Edward Rodrigue and Richard V. Reeves write
Since state licensing laws vary widely, a license earned in one state may not be honored in another. In South Carolina, only 12 percent of the workforce is licensed, versus 33 percent in Iowa. In Iowa, it takes 16 months of education to become a cosmetologist, but just half that long in New York. This licensing patchwork might explain why those working in licensed professions are much less likely to move, especially across state lines: [next they have a chart showing the lower rate of mobility for licensed professionals]
Pointer from Mark Thoma. The article points out several other adverse effects of overly restrictive occupational licensing.

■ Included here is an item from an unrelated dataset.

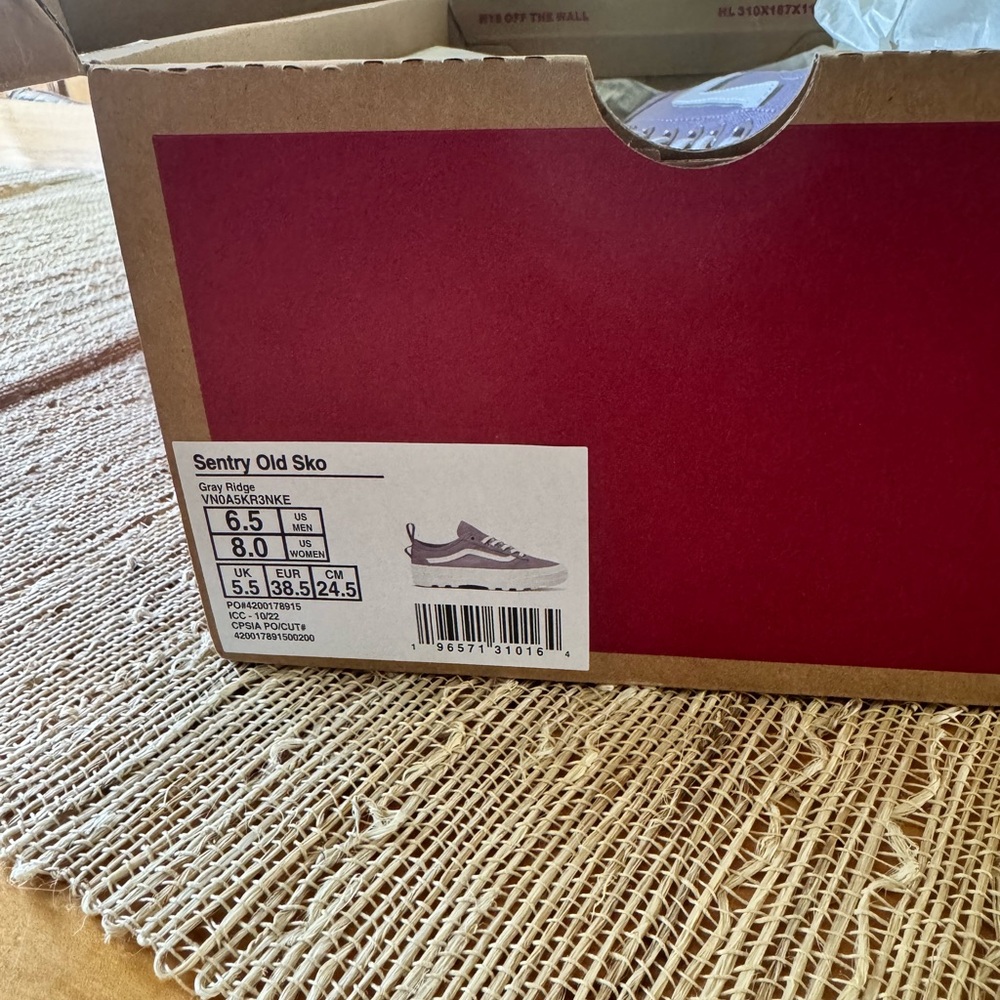 VANS NEW Sentry Old Skool Comfycush - Picture 12 of 15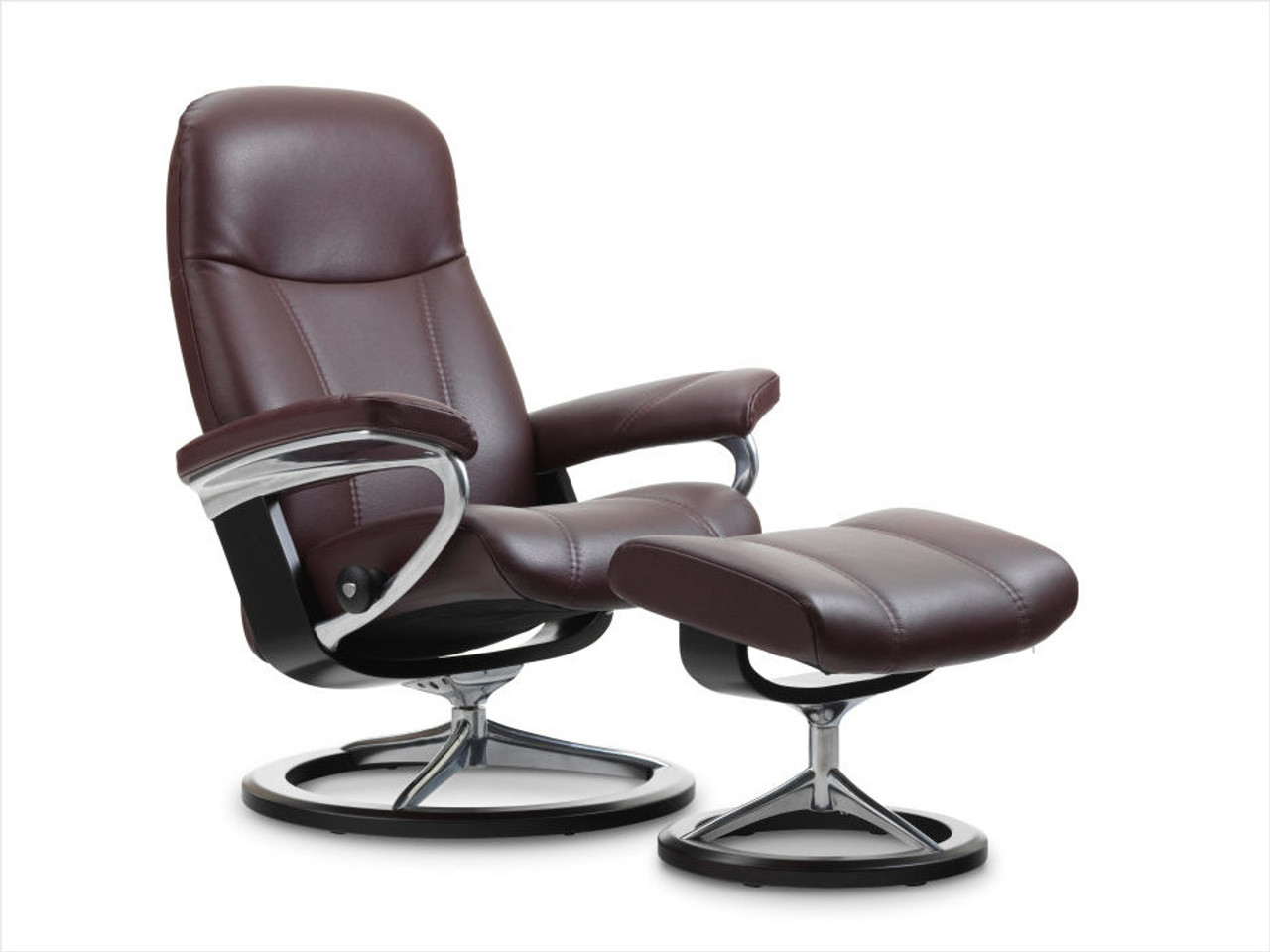 Stressless Consul Recliner | Signature Base - Unwind Furniture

It seems to me that in the interest of regulating interstate commerce, Congress could do pass a law saying that someone licensed in state X is entitled to work in that same occupation in state Y unless state Y can give a compelling reason unless state Y can provide a compelling reason otherwise. As its stands, variations in licensing requirements work like interstate tariff barriers, which our Constitution was designed to eliminate.
I am a high school teacher certified in 3 states now and will be moving again shortly. Even though States allegedly have reciprocal agreements I have to fill out the exact same forms, submit the exact same college/high school transcripts, take the exact same Praxis test and of course pay the near-exact requisite fees.
Is teaching high school social studies THAT different in each State? Rhetorical–I know it is not. Thanks! 🙂
Knowing nothing I can guarantee they don’t actually test for idiosyncratic differences, they just have idiosyncratic bureaucracy.
Gee, Arnold, a few posts ago I think you took the position that the power of the federal government should be limited to defense, and that all other government functions should be devolved to the states, reconfigured to have no more than a few million people each. It appears from this post that you didn’t really mean that.